Total Lunar Eclipse
Total Lunar EclipseNetEase

Sky gazers are in for a rare celestial treat - the first total lunar eclipse of 2014 that occurs overnight on 14-15 April.

The phenomenon occurs when the Earth, Sun and moon are in perfect alignment, covering the moon from view in the Earth's shadow.

Who Gets to See it?

The total lunar eclipse will be easily visible throughout the North and South American continents and much of the Pacific Basin, including Hawaii. However, Europe, Africa, and central Asia will miss the entire eclipse because it will be daytime in those regions at the time of the event.

What Time?

According to Nasa, the total lunar eclipse will begin around 2am EDT (7am BST) and will last for around three hours.
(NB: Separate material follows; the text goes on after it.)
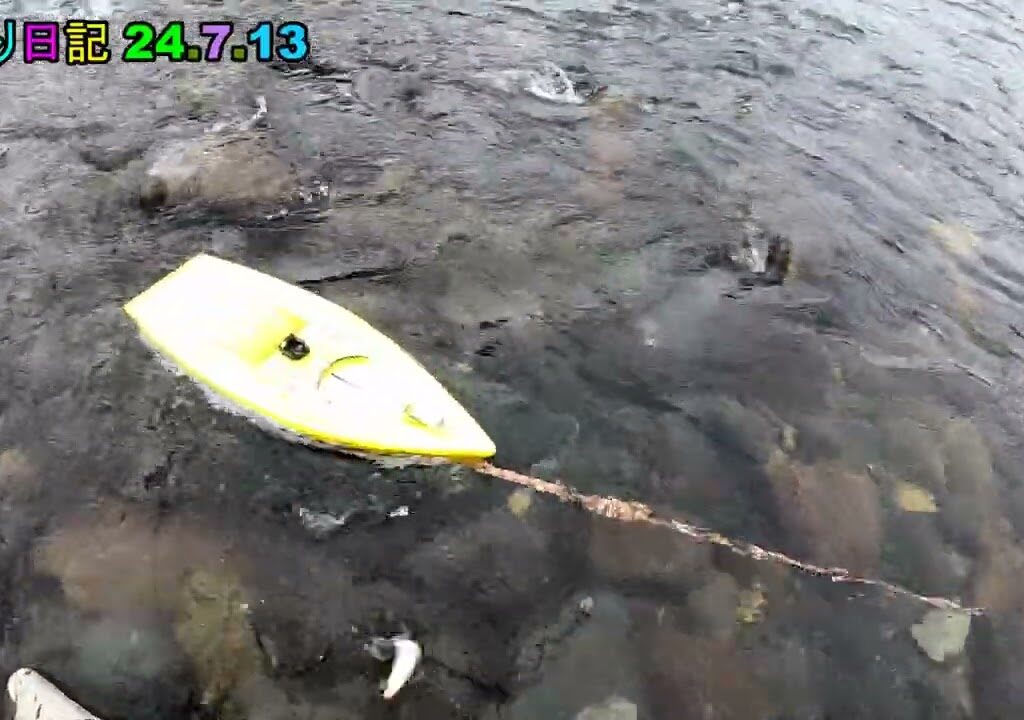 鮎釣り日記 24 7 13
Ahead of the total lunar eclipse on 15 April, stargazers can view a full moon on 14 April.

How Many Total Eclipses Will be Seen?

The total lunar eclipse, also known as a red moon or blood moon, on 15 April will be the first of four total eclipses that will occur through 2014 and 2015, known as a tetrad. The next total lunar eclipse will occur on 8 October, the third on 4 April and the final eclipse on 28 September. The next series of four will not happen again until 2032.

"The most unique thing about the 2014-2015 tetrad is that all of them are visible for all or parts of the USA," Nasa eclipse expert Fred Espenak told CNN.

Where to Watch Online

Stargazers who won't be able to see the event by looking up at the night sky can watch live online, courtesy of SLOOH camera.

Nasa is also live-streaming the eclipse, which will begin at approximately 2am EDT on 15 April.